Samuel Langley wasn't married and have no children. He spent all his time on scientific projects. One project was a personal dream. He wanted to design and build a flying machine.

Before he left the Allegheny Observatory, he had begun to investigate the possibility. There was little earlier research to guide him. Consequently, he studied the flight of birds and the movement of air over curved surfaces. Langley's interest in the possibility of flight continued when he went to the Smithsonian. He began to build very small airplanes using the rules of flight he had discovered.

On May 6, 1896, Langley's first unmanned plane was launched from the top of a houseboat floating on the Potomac River south of Washington. It flew more than nine-hundred meters and landed softly on the water.

In November of that year, another of Langley's planes made an even longer flight. These were the first free flights of heavier-than-air machines ever made.
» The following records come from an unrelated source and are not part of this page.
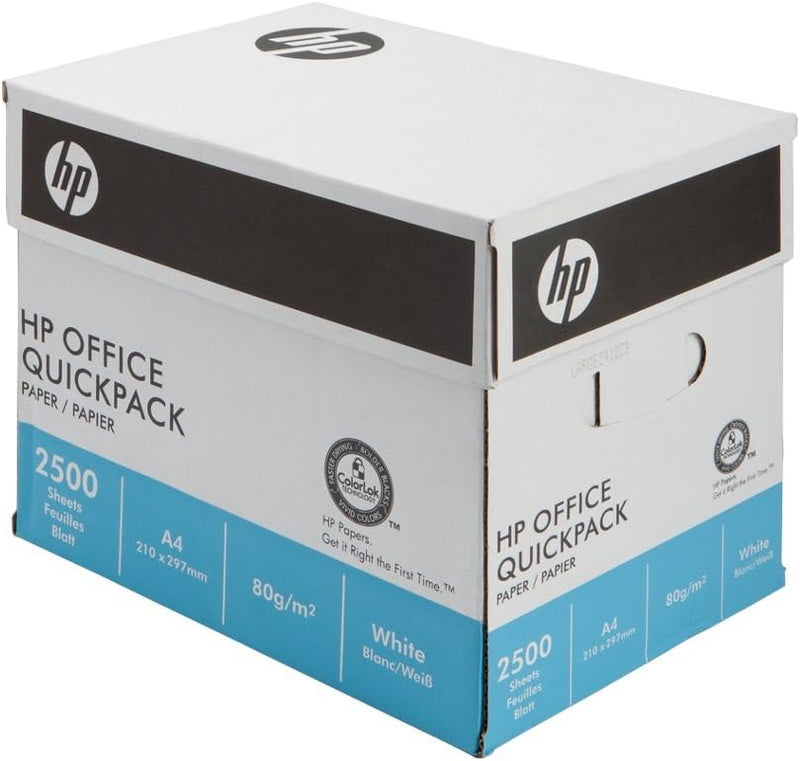 Hewlett Packard Büropapier A4 80 g/m² nicht geriest 1 Karton mit 2500 Blatt weiss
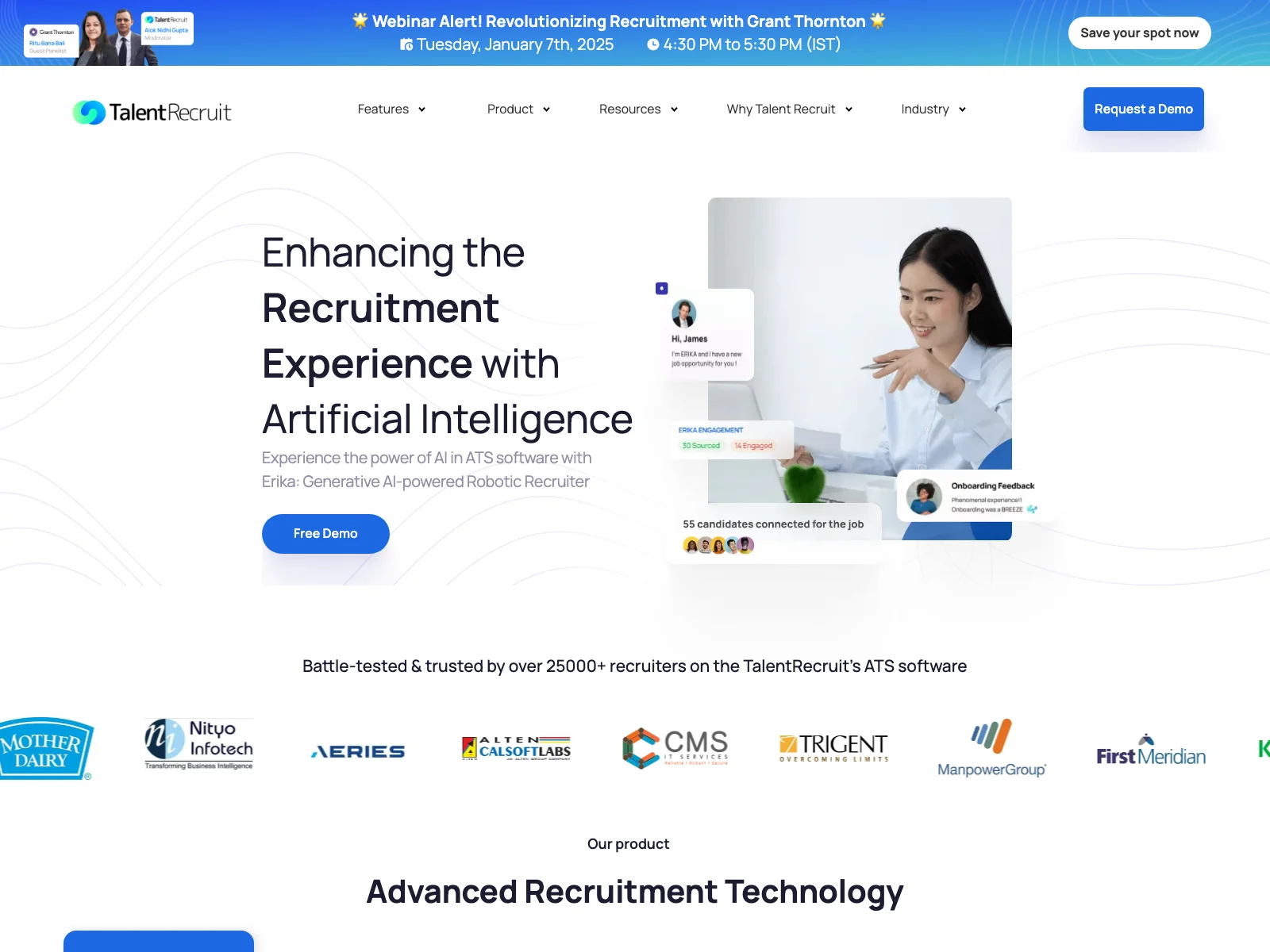 TalentRecruit: AI-Powered ATS Software for Enhanced Recruitment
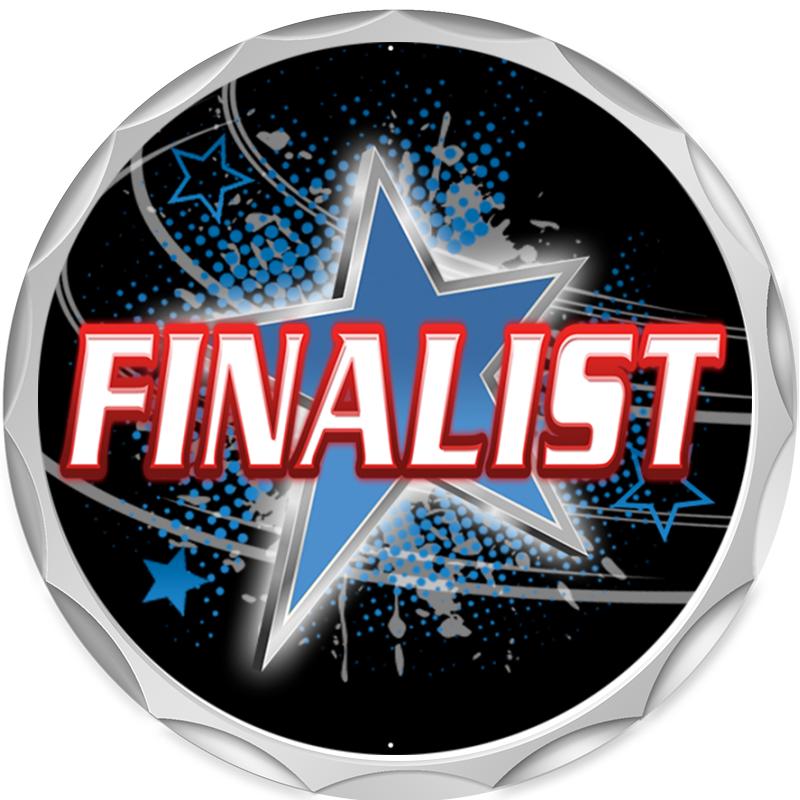 2.2" SILVER BUTTON INSERT PIN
After the flights, Langley said he had completed the work he wanted to do. He had shown that mechanical flight was possible. Other people, he said, would have to develop the idea further.

Shortly after Langley's successes with his model planes, the United States entered a war with Spain. The American government became interested in developing a fullsize plane that could carry a person. Such a plane could be used to observe the enemy. Balloons had been used to do this for a hundred years. But balloons were difficult to fly.

Therefore, with the support of President William McKinley, the War Department gave Langley fifty-thousand dollars to build a full-size plane. Langley and an engineer, Charles Manley, began designing it. They worked for five years.